● **EXERCISE REQUIREMENTS**: Images aside, the whole listing should be written out word for word.

● **GIVEN INFORMATION**:
----
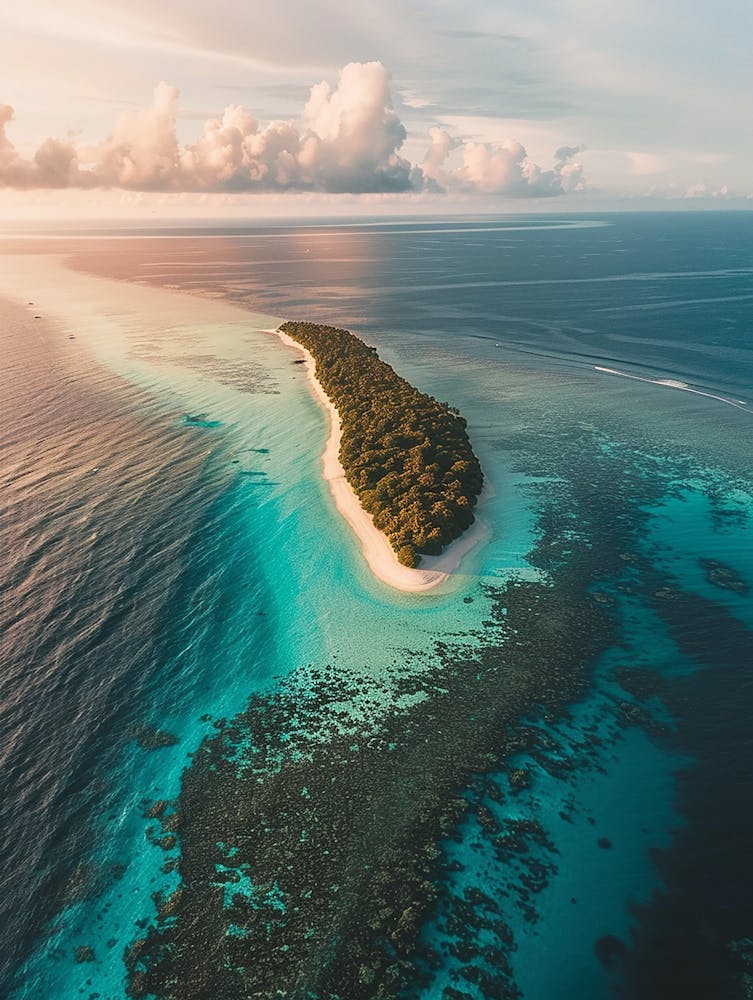 Aerial View Of A Tropical Island 4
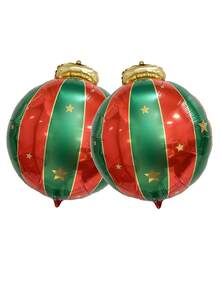 2/5pcs Christmas Hanging Balls Aluminum Foil Balloons,Een Christmas Balloons, Christmas Decorations - Multicolor - View 3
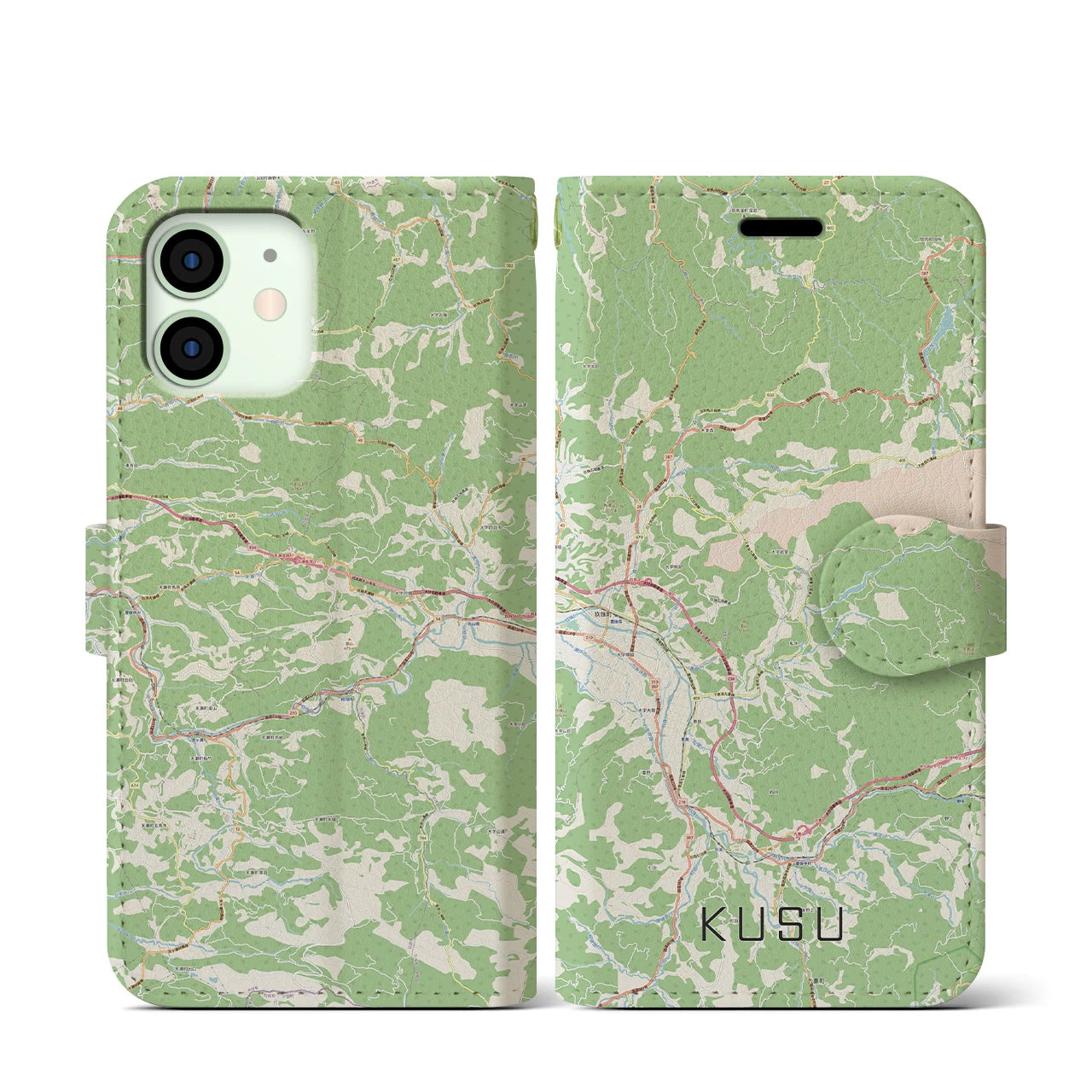 【玖珠（大分県）】地図柄iPhoneケース（手帳タイプ）ナチュラル・iPhone 12 mini 用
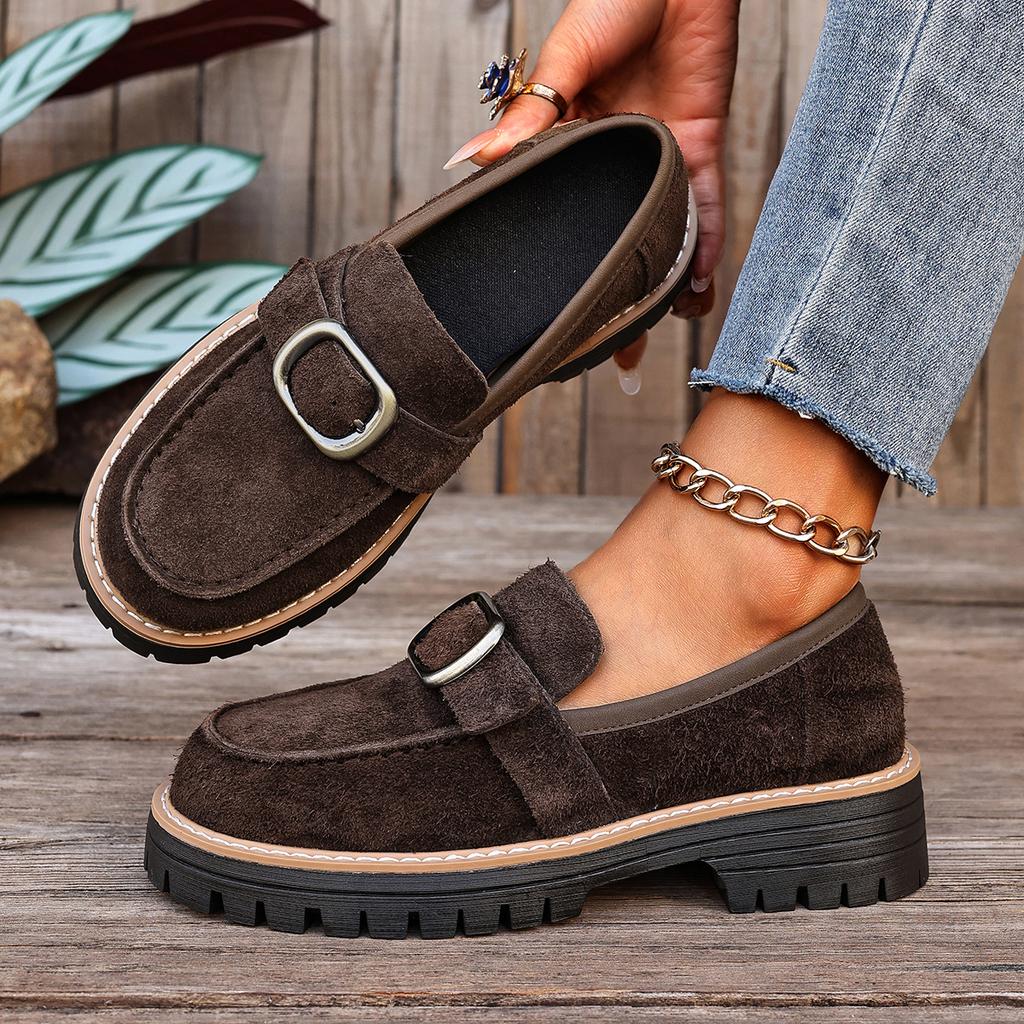 British Style Women Loafers Spring Autumn Thick Heel Sneakers Women Retro Fashion Single Shoes Round Toe PU Leather Shoes Women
----
● **SOLUTION TO THE PROBLEM**:
 Aerial View Of A Tropical Island 4
 2/5pcs Christmas Hanging Balls Aluminum Foil Balloons,Een Christmas Balloons, Christmas Decorations - Multicolor - View 3
 【玖珠（大分県）】地図柄iPhoneケース（手帳タイプ）ナチュラル・iPhone 12 mini 用
 British Style Women Loafers Spring Autumn Thick Heel Sneakers Women Retro Fashion Single Shoes Round Toe PU Leather Shoes Women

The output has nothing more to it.